Former Union Tavern, Llanrwst

Link to French translationFormer Union Tavern, Bridge Street, Llanrwst

This building dates from c.1598. Much of the centre of Llanrwst, including Ancaster Square, was laid out and rebuilt during the period of calm and prosperity that followed the end of the Wars of the Roses. It flourished as an hotel after 1780, when London to Holyhead coaches began travelling through Llanrwst.

In the 19th century the Union Tavern included the building next door to this one (to the north) and boasted 17 bedrooms. Women and girls were not allowed into the bar until licensing laws were amended in 1917. Instead, female guests sat on the staircase beside the door connecting the bar room to the rest of the building.
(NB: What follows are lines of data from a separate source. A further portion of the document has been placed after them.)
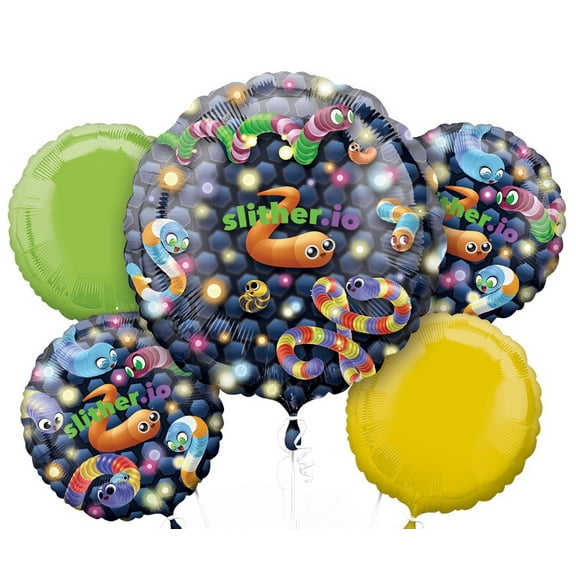 Slither.io Video Game Party 5pc Bouquet of Balloons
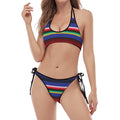 Tribal Mexican Serape Pattern Print Halter Scoop Tie Side Bikini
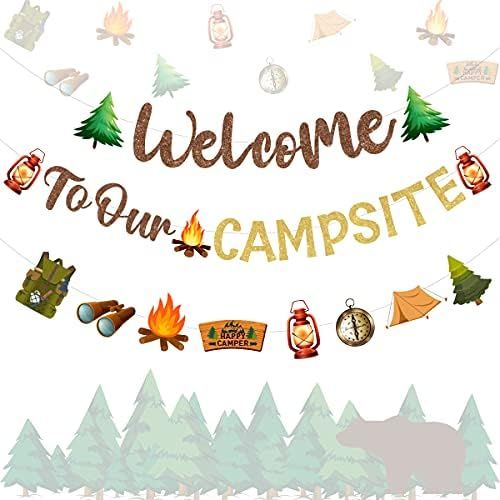 Camping Party Decorations Welcome To Our CAMPSITE Banner, Camper Garland for Lumberjack Birthday Bab | Amazon (US)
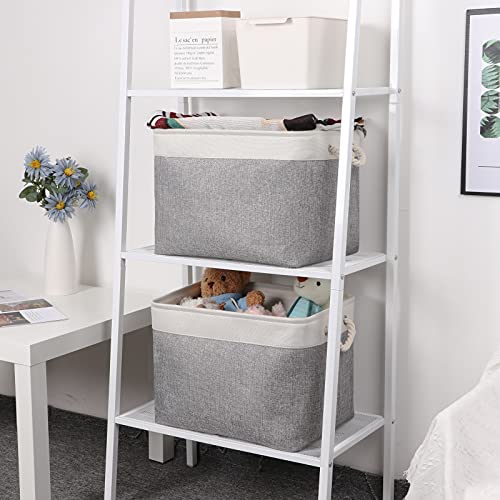 Bidtakay Storage Baskets for Organizing Large Storage Bins for Shelves 2 Pack 16x12 in Fabric Baskets for Blanket Nursery Toy Storage Collapsible Organizer Bins Closet Organizers Storage-Grey&White - color: White&Grey, size: 2 Pack-L-16x11.8x11.8 In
Sometimes they paid boys – who were allowed to drink small beer in the bar – a farthing to fetch chamber pots (bowls used as toilets in bedrooms) from the bar.
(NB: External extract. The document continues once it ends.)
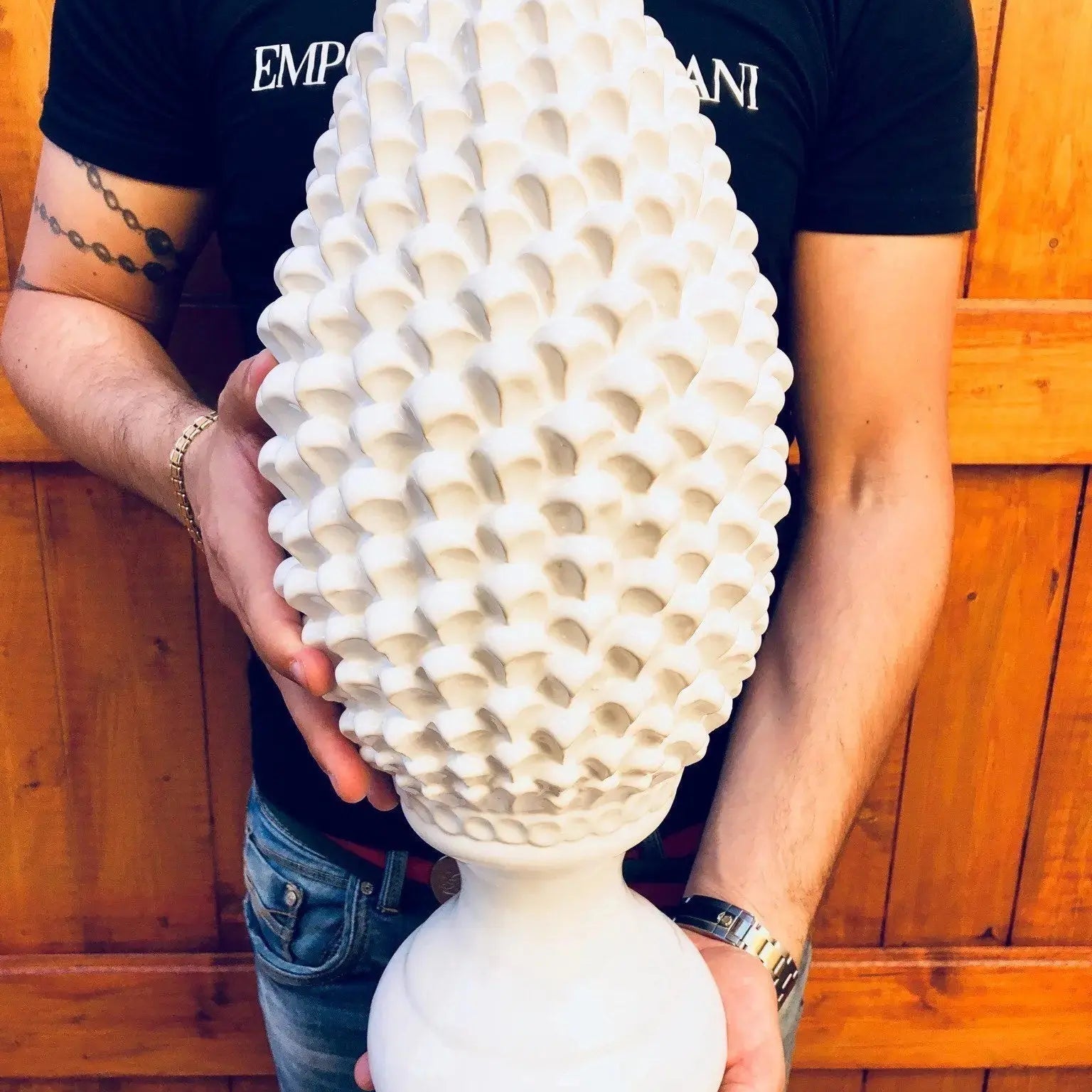 Pigna Ceramica Caltagirone cm H.45 Artigianale Bianco Linea Luis DD CERAMICHE SICILIANE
The building was known as the Cornucopia Court Hotel before the present owners took over in 1993. They established an antiques shop and café called Pickwick’s. During renovation in 2003, a well was discovered beneath a concrete slab. The well is thought to date from medieval times. Its stonework has remained in good order despite many decades or centuries without maintenance. Visitors can view the well by entering the courtyard through the passage on the right, when the premises are open to the public.
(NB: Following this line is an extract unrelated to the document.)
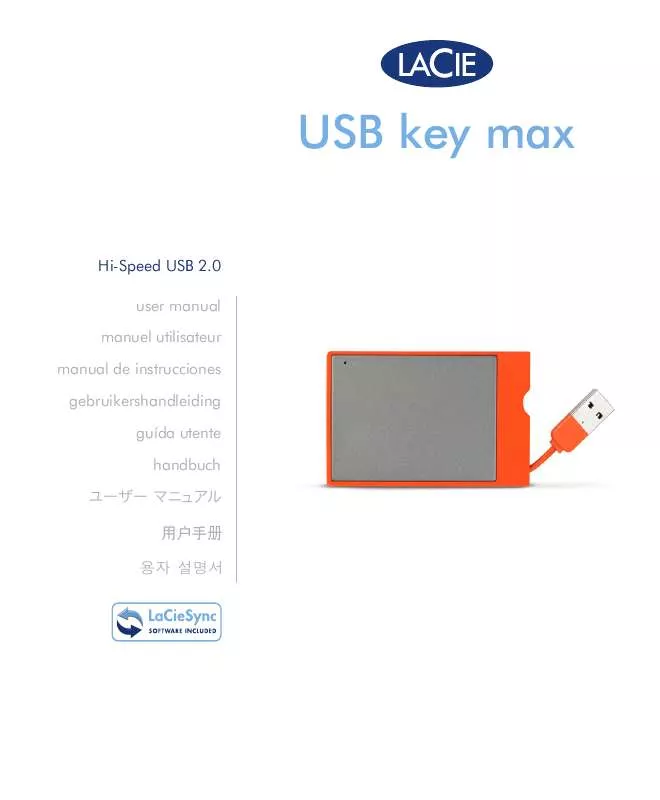 Mode d'emploi LACIE USB KEY MAX ARANCIONE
Wesleyan missionaries used the courtyard from 1790 for recruitment. In 1802 two well-known missionaries visited Llanrwst, staying at the New Inn. Local man Edward Jones recorded in his diary that the town crier announced that preaching would start at 7pm. “A large crowd collected in the yard of the Union Tavern. After a very successful service in the open air, people begged them to come back. A William Jones, Flax Dresser, told the meeting the speakers were dressed in the clothes of two men hanged a few days earlier in Ruthin jail. He obviously overcame his disgust and became a convert and member of the first Wesleyan society.” This society met in the Denbigh Street house of Mrs Lloyd Anwyl.